- Aim of the task
From the line below containing "Charadas Bíblicas Curiosidades" to the final line, print each line exactly as written. No pictures belong in the copy.

- Available data
────────────────────

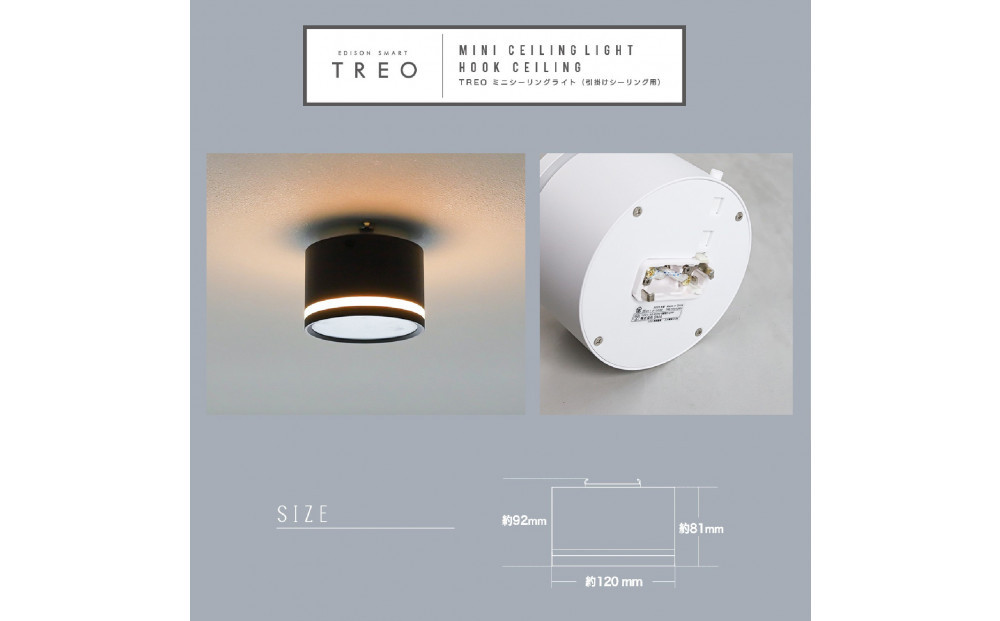 ãšãžãœã³ã¹ããŒã TREO ããã·ãŒãªã³ã°ã©ã€ã åŒæãã·ãŒãªã³ã°çš ããã¯ã€ãã çŠå²¡åž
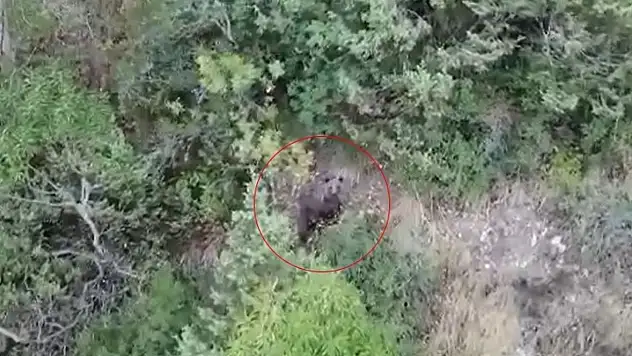 Uyuyamayan Ayı Görüntülendi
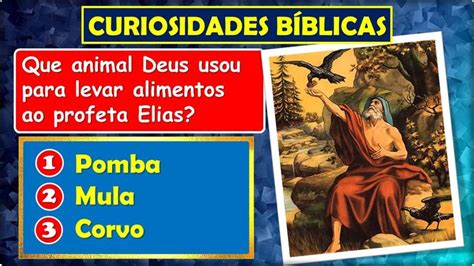 Charadas Bíblicas Curiosidades Bíblicas Curiosidades biblicas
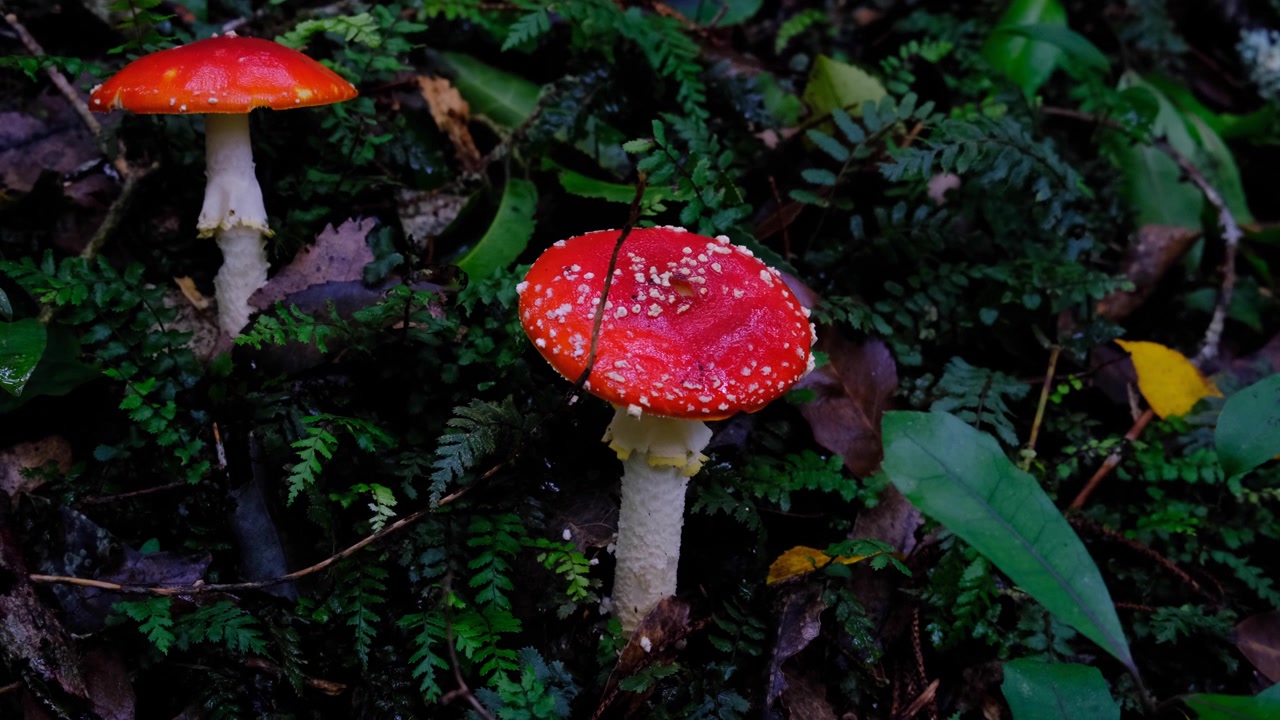 Red and white coloured Amanita muscaria fly agaric mushroom growing on forest floor in Wellington, New Zealand Aotearoa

────────────────────

- Response below
 Charadas Bíblicas Curiosidades Bíblicas Curiosidades biblicas
 Red and white coloured Amanita muscaria fly agaric mushroom growing on forest floor in Wellington, New Zealand Aotearoa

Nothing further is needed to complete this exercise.